Continuing our tour of the SSV Seamans…
Climb out the ladder from the doghouse and you will find yourself on the quarterdeck of the Robert C. Seamans. The quarterdeck is a raised deck in the back of the ship, and–between the helm, compasses, and proximity to the doghouse–is essentially the center of the ship’s command.
Pictured above is the quarterdeck, as seen from aloft. The giant white triangle is the mainstays’l (main-stay-sail). Below that white rectangle on the deck is the doghouse. Just aft of the entrance to the doghouse is the helm: the bane of my sailing existence. More on that later.
Facing forward on the quarterdeck, you get a view like this:
Moving forward up the port side of the ship is the science deck, where most scientific equipment is deployed. That big white thing controls a monster coil of wire, which sends equipment down as deep as 3,000 meters.
Continuing to walk forward, you will pass under the topyard and courseyard, where the square sails are set. Pictured here is Pete, perched on the topyard, while I lay aloft on the port shrouds:
All the way forward is the foredeck:
Those red and white cone things–called “tubas” because of their shape–are for ventilation. Every hour they get turned so that they face into the wind, bringing much-needed cool breezes down to the living quarters below decks.
The bow was one of my favorite places on the ship. At the risk of calling to mind Titanic: standing at the bow of a ship, you really do feel like you’re flying. It’s even better out on the bowsprit. On the bowsprit, there is no deck beneath you. You’re floating about twenty feet above the water. During the daytime, you can catch dolphins racing the ship. At night, if you don’t mind the terrifying feeling of flying through pitch black, you can sometimes see glowing green bioluminescence being churned up as the ship slices through the water.

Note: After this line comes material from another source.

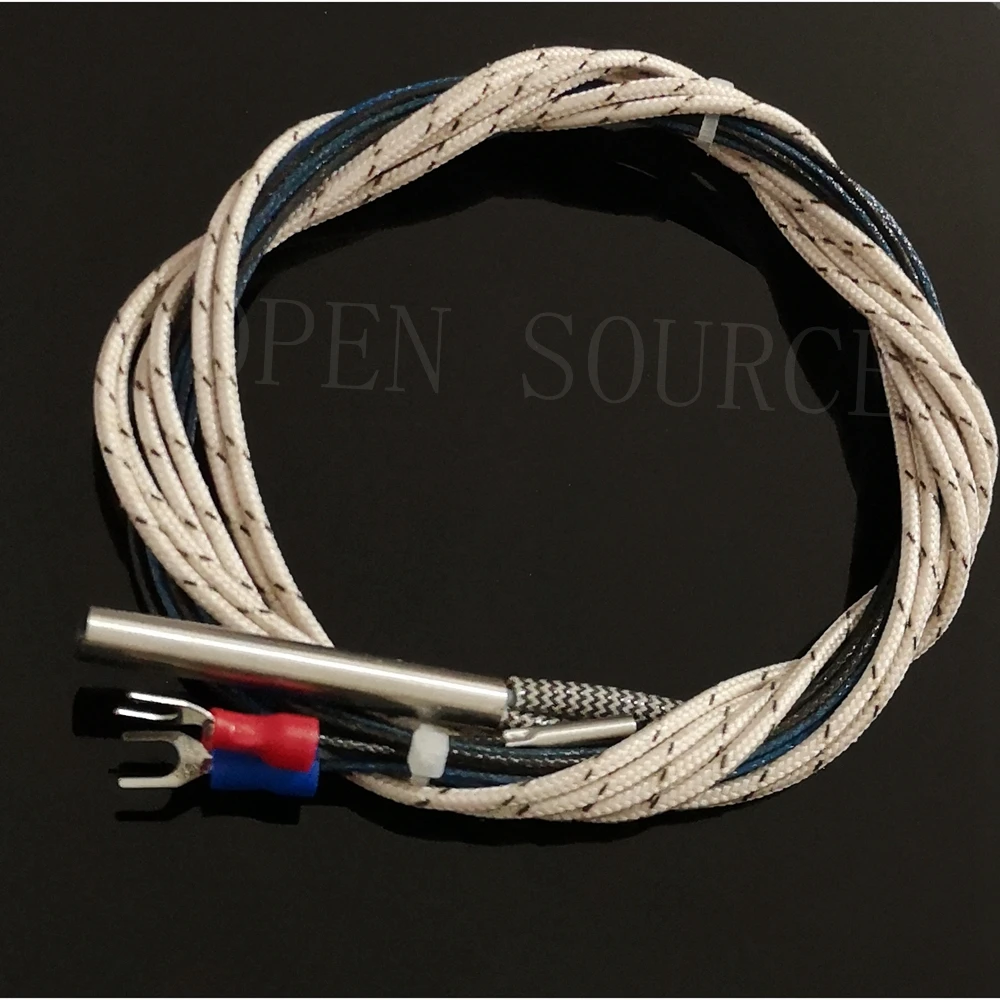 SuperVolcano 80W Heater 12V or 24V + PT100 Temperature sensor for 3D Printer Super Volcano Hotend use
SuperVolcano 80W Heater 12V or 24V + PT100 Temperature sensor for 3D Printer Super Volcano Hotend use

From the bowsprit, you get another good view of the ship, and all its rigging. There are 93 pieces of running rigging (we counted once, during a slow dawn watch). Learning every single line was one of our first–and most important–tasks on the ship. It was also one of the most difficult. Take a look at all these lines coiled and hung around the foremast:
…now imagine me, never having set foot on a sailing vessel before, staring at these coils in utter confusion. Seriously? You guys think I need to know what all of those ropes do? Seriously??